Villains of All Nations: Atlantic Pirates in the Golden Age, published by Verso Books, 2004
Like many people of my generation who should know better, I’ve been watching and enjoying the TV show Our Flag Means Death.
If you’re not familiar with this, it’s a (now cancelled) HBO sitcom about pirates, starring the guy who played Murray Present in Flight of the Conchords (Rhys Darby) and Taika Waititi, the now infamous (or near-infamous?) actor-director (yet to make a narratively (if not medically) needed trip to rehab), who seems to have squandered some genuine directorial talent in exchange for big money bucks (I highly recommend Boy, if you’ve never seen it… (maybe Waititi will return to prominence with a film that doesn’t try to humanise Hitler at a later point, but apparently his recent low(er) budget film wasn’t great so maybe not???))…
Although there are two Kiwis as the leads (Waititi plays the infamous proto-pirate Blackbeard, while Darby plays the man known as “the Gentlemen Pirate”, Stede Bonnet) this is very much an American production, and one that it’s difficult to feel much/any lingering warmth about whenever not watching it, due to its dialogue, which can basically be summarised as making younger Gen X types read lines written by someone (probably a millennial) trying to appropriate linguistic tropes of Gen Z TikTok-ified social justice/therapy speak.
Although while one is watching the show, the genuinely charismatic performances of the two leads and the majority of the key supporting cast deliver all this with sufficient conviction for it all to stick, the hollowness of a lot of its script is hard to forget when thinking about the show while not watching it.
Where the show does hold up, though, is in its plots, and why it does seem to have developed quite a hefty fan base (I’m not typing “fandom” earnestly, I’m an adult) in spite of its creaking dialogue, is because of the community-building that the show is about.

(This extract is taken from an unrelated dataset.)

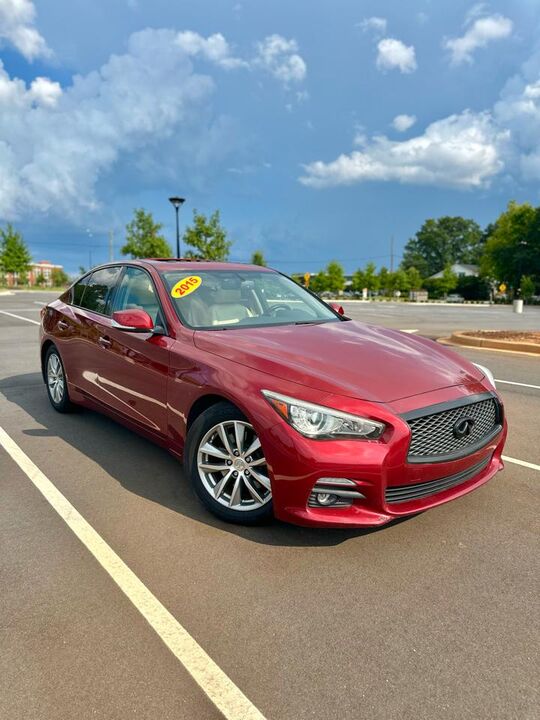 2015 INFINITI Q50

The pirate communities – both on sea and on-land in the many pirate-controlled places that popped up along the world’s coastlines during the “Golden Age of Piracy” – are depicted as being generous, progressive, warm, kind, supportive, egalitarian, tolerant, equitable, diverse and democratic (democratic in a “true” rather than a representative way).
People who feel like they lack these things in life – myself included – feel drawn to this flawed (and decommissioned) show that depicts people emotionally and psychologically thriving in ships filled with people who collaborate and protect each other, who not only tolerate but celebrate non-heteronormative, binary-gendered relationships and identities.
The bracing lack of subtlety in its dialogue notwithstanding, Our Flag Means Death offers (offered, it’s been cancelled) a brief window into alternative, non-mainstream lifestyles… Found families, innit; egalitarian sharing rather than capitalistic hoarding… Hedonism and joy rather than pointless toil and pitiful wages… Dignity and camaraderie instead of individualism and the blunt horrors of the growing capitalist hegemony…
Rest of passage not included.